3

I want to draw boxplots with the number of observations on top. The problem is that depending on the information and the outliers, the y-axis changes. For that reason, I want to change the limits of scale_y_continuous automatically. Is it possible to do this?

This is a reproducible example:

library(dplyr)
library(ggplot2)

myFreqs <- mtcars %>%  
  group_by(cyl, am) %>% 
  summarise(Freq = n()) 
myFreqs

p <- ggplot(mtcars, aes(factor(cyl), drat, fill=factor(am))) +
  stat_boxplot(geom = "errorbar") +
  geom_boxplot() +
  stat_summary(geom = 'text', label = paste("n = ", myFreqs$Freq), fun = max, position = position_dodge(width = 0.77), vjust=-1)

p

image 1

The idea is to increase at least +1 to the maximum value of the plot with the highest y-axis value (in the case explained above, it would be the second boxplot with n=8)

I have tried to change the y-axis with scale_y_continuous like this:

p <- p + scale_y_continuous(limits = c(0, 5.3))
p

image 2

However, I don't want to put the limits myself, I want to find a way to modify the limits according to the plots that I have. (Because... what if the information changes?). Is there a way to do something like this? With min and max --> scale_y_continuous(limits = c(min(x), max(x)))
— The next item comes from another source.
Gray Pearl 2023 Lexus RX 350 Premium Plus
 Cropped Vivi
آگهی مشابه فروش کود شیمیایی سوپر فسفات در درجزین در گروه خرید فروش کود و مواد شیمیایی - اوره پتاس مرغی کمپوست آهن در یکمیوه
Thanks very much in advance

caldwellst
  • 5,719
  • 6
  • 22
emr2
  • 1,436
  • 7
  • 23
  • 2
    The `limits` argument accepts a function so you can do `scale_y_continuous(limits = function(x){c(min(x), max(x)})`. Note that the input provided as `x` are the natural limits of the data, so this particular function would change nothing. – teunbrand Jan 27 '22 at 11:54
  • 1
    Yeah, in your case, you're probably looking for something like `p + scale_y_continuous(limits = ~ c(0, max(.x) + 0.4))`. – caldwellst Jan 27 '22 at 11:57
  • Thanks very much for your answers! That is exactly what I needed it! @caldwellst what does `(.x)` do? Is it like a reduced version of the function that @teunbrand has written? – emr2 Jan 27 '22 at 12:06
  • 1
    Yeah, it's the lambda format used by `tidyverse` for anonymous functions, instead of `function(x)`, it basically represnts `function(.x)`. If using R >= 4.1, you can also use `\(x)` as shorthand for `function(x)` – caldwellst Jan 27 '22 at 12:08
  • Wow, thanks very much for the information and your help! @caldwellst – emr2 Jan 27 '22 at 12:09

1 Answers1

4

Thanks to @teunbrand and @caldwellst I got the solution that I needed it.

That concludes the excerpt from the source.